Sou visto, logo existo

*Jorge Miklos

No século XVII, o filósofo René Descartes abreviou a sua tese sobre a natureza humana em uma frase: “Cogito ergo sum” (Penso, logo existo). Com essa expressão, o matemático francês, propondo como método a dúvida radical, concluiu que só podemos ter certeza de que existimos porque somos capazes de pensar. Para Descartes, o “cogito” (pensamento) nos confere a certeza da existência.
Séculos depois, o sociólogo polonês Zygmunt Bauman, em seu livro 44 Cartas do Mundo Líquido Moderno (2011), ao refletir acerca do comportamento social no mundo contemporâneo, citou uma cena na qual uma mulher declarou durante um programa muito popular de entrevistas, pela televisão, na frente de milhões de telespectadores, que a ejaculação precoce de seu marido lhe impedira de ter um só orgasmo durante toda sua vida conjugal.
Para Bauman o que houve de tão revolucionário assim na declaração da mulher foram dois fatos: “primeiro, tornar público um tipo de informação que até então era considerado a quintessência da ordem do privado; segundo, usar a arena pública midiática para expressar e discutir um assunto de interesse eminentemente privado.” (p. 36).
Ainda segundo Bauman, as relações sociais passaram – como sugere o psicanalista francês Serge Tisseron – do campo da intimité para o campo da extimité – ou seja, extimidade.

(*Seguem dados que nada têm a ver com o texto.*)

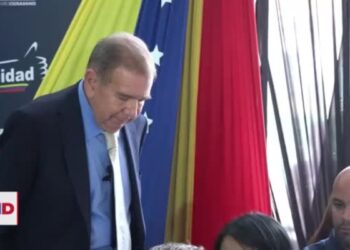 Edmundo González llama a Maduro a no demorar la transición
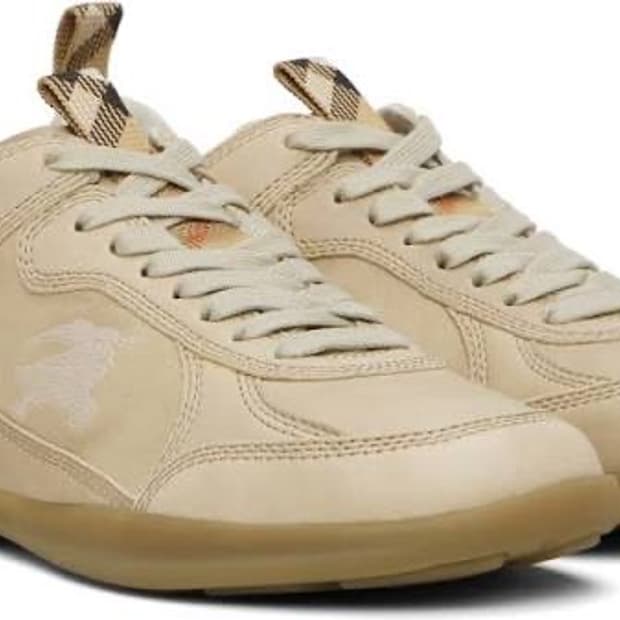 버버리 매트릭스 스니커즈 (컬렉션 라인)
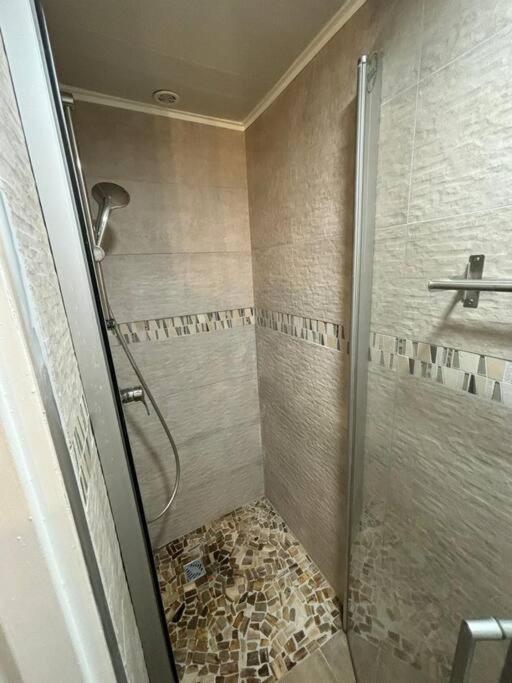 Ein Badezimmer in der Unterkunft Studio vue mer avec piscine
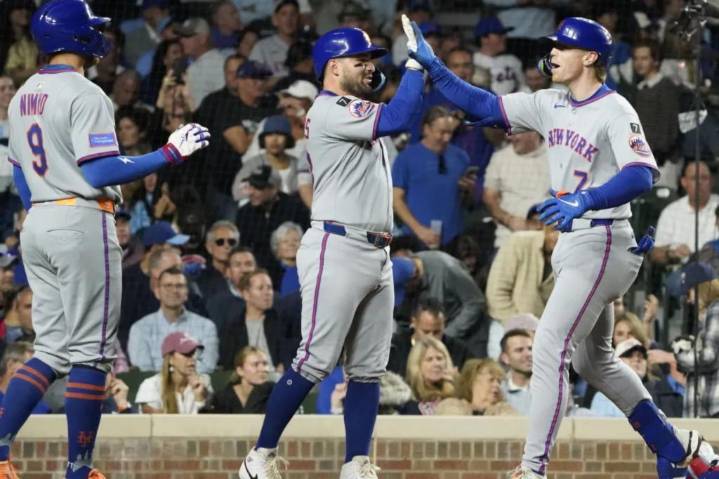 Mets top Cubs to maintain slim lead in battle for final NL wild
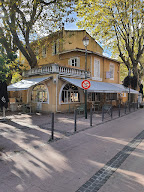 Agl Menuiserie à Garéoult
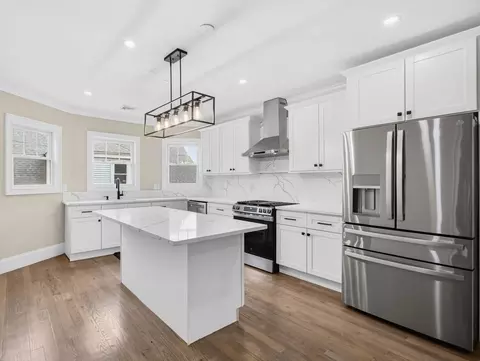 152 Washington St #3, Boston, MA 02135
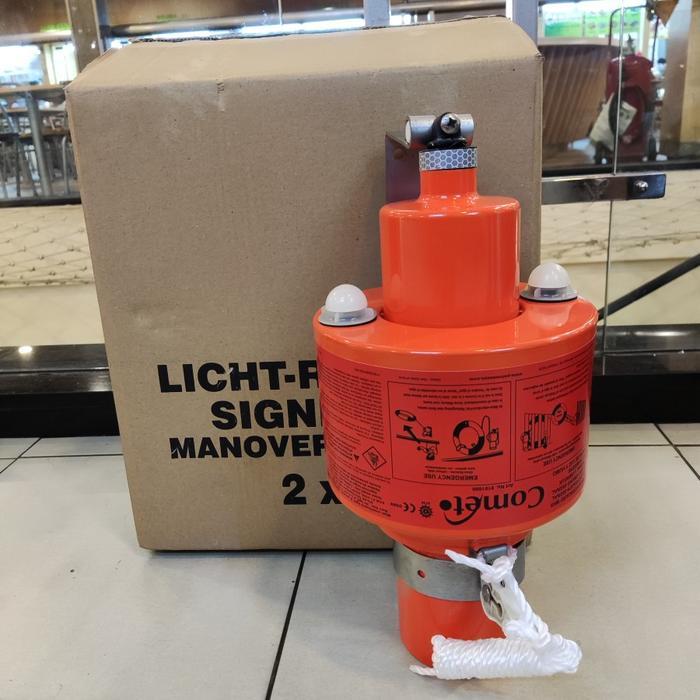 Ready New Light Smoke Signal MOB Comet Original Sinyal Cahaya Asap Bahaya Laut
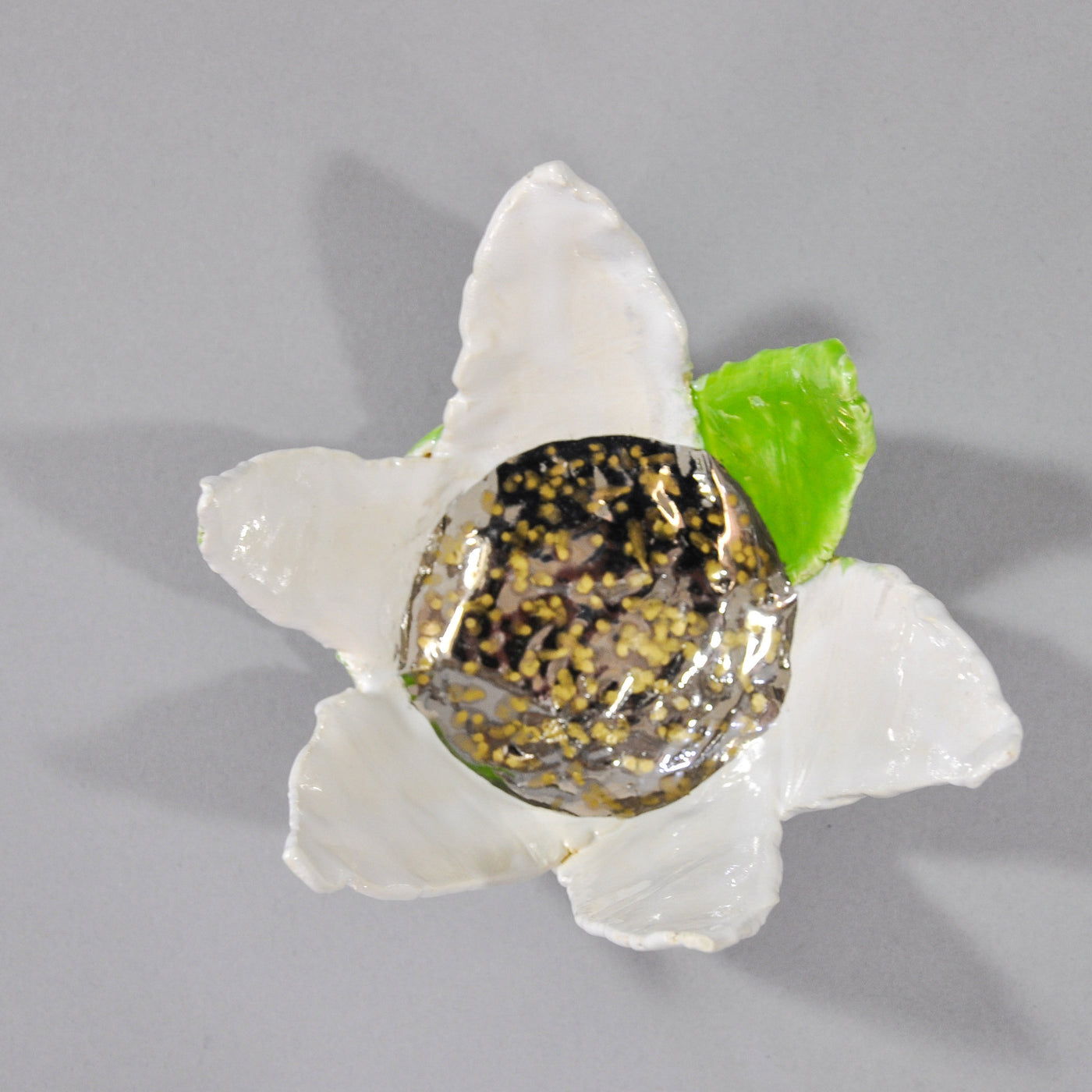Ceramic White Crown Bowl with Green Leaf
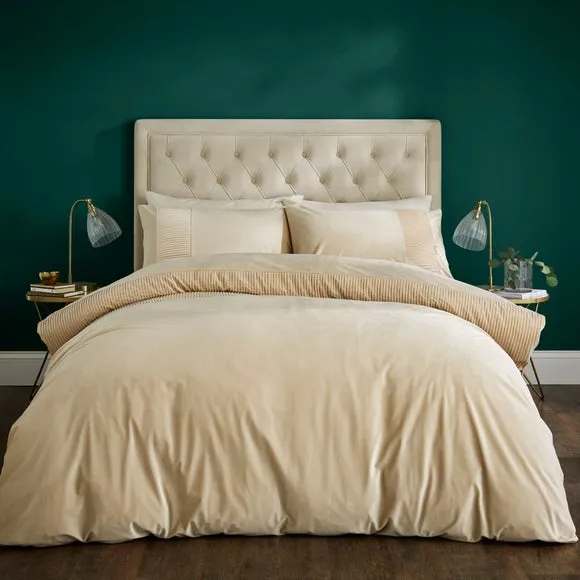 Liliana Pleated Luxury Velvet Duvet Cover and Pillowcase Set 1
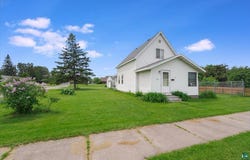 3732 E 6th St, Superior, WI 54880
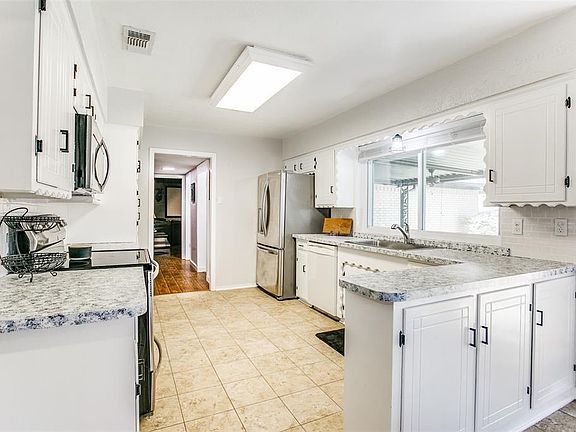 4th image of 1417 Mayfield Ave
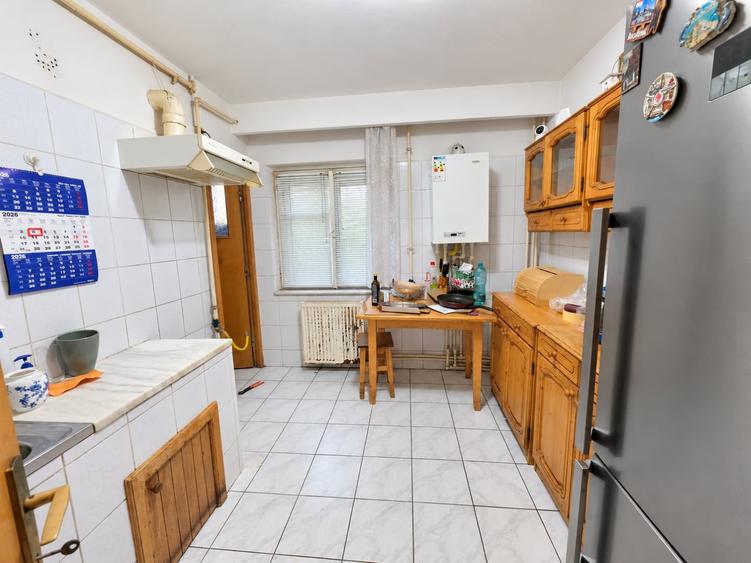 Apartament cu 3 camere decomandat în Vitan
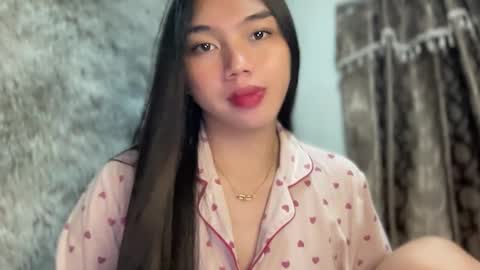 Snapshot of kat_hollandx chatting on 01-22-25, 02:56 Majesty online show from 01-22-25, 02:56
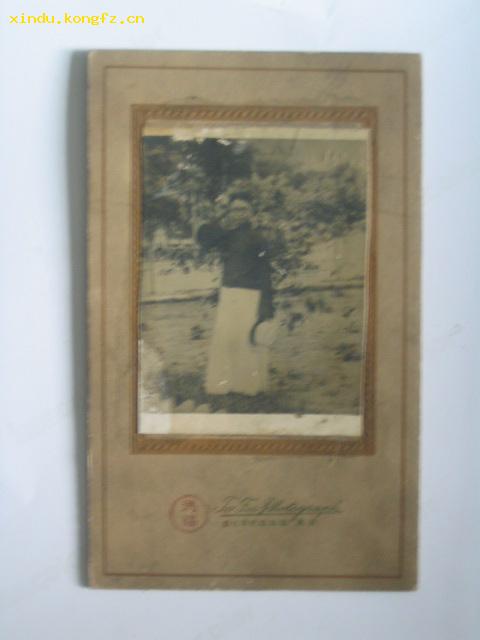 民国老照片 北京劝业场屋顶花园 德福照相馆 人物一 花园背景 衬硬板 照片9×6.5厘米 衬硬板15.8×9.7 厘米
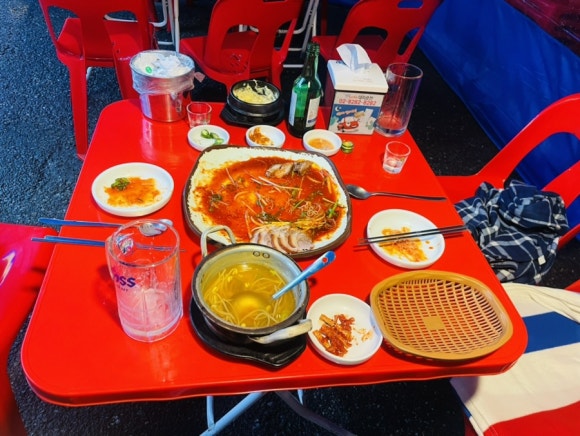 골뱅이창너머족발 이미지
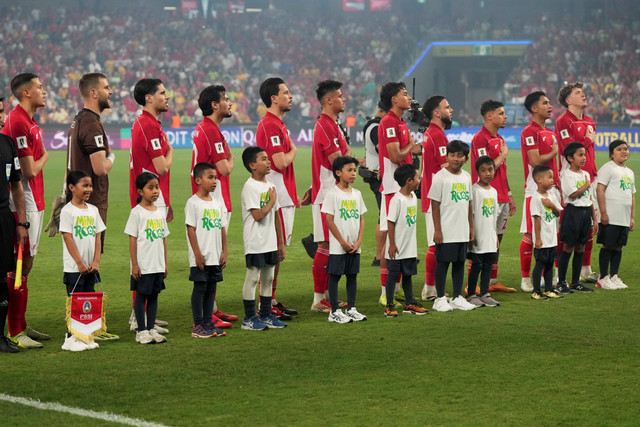 Pemain Timnas Indonesia saat melawan Timnas Australia pada pertandingan Ronde 3 Kualifikasi Piala Dunia 2026 di Sydney Stadium,Sydney, Australia, Kamis (20/3/2025). Foto: Mark Baker/AP Photo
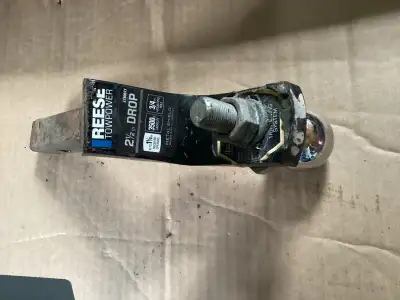 Attache remorque 1 po. 7/8 Jamais servi $15 non négociable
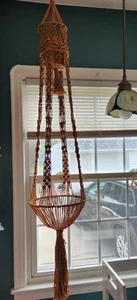 Soporte para plantas colgantes de macramé vintage de mediados de siglo - Imagen 1 de 3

Expomos em público os nossos segredos. Eis, assim, o triunfo do exibicionismo na era das redes sociais.
De acordo com Bauman, as celebridades tornaram-se um fenômeno curioso. Elas parecem nos avisar que chegou a hora de rever o famoso veredicto de Descartes, “penso, logo existo”, alterando-o para “sou visto, logo existo”. Cada vez mais pessoas aderem às redes sociais digitais, compartilhando dados e segredos particulares cotidianamente — o que reforça a constatação de Paula Sibilia em seu livro “O show do Eu” (2008) de que está em curso um movimento generalizado de evasão de privacidade.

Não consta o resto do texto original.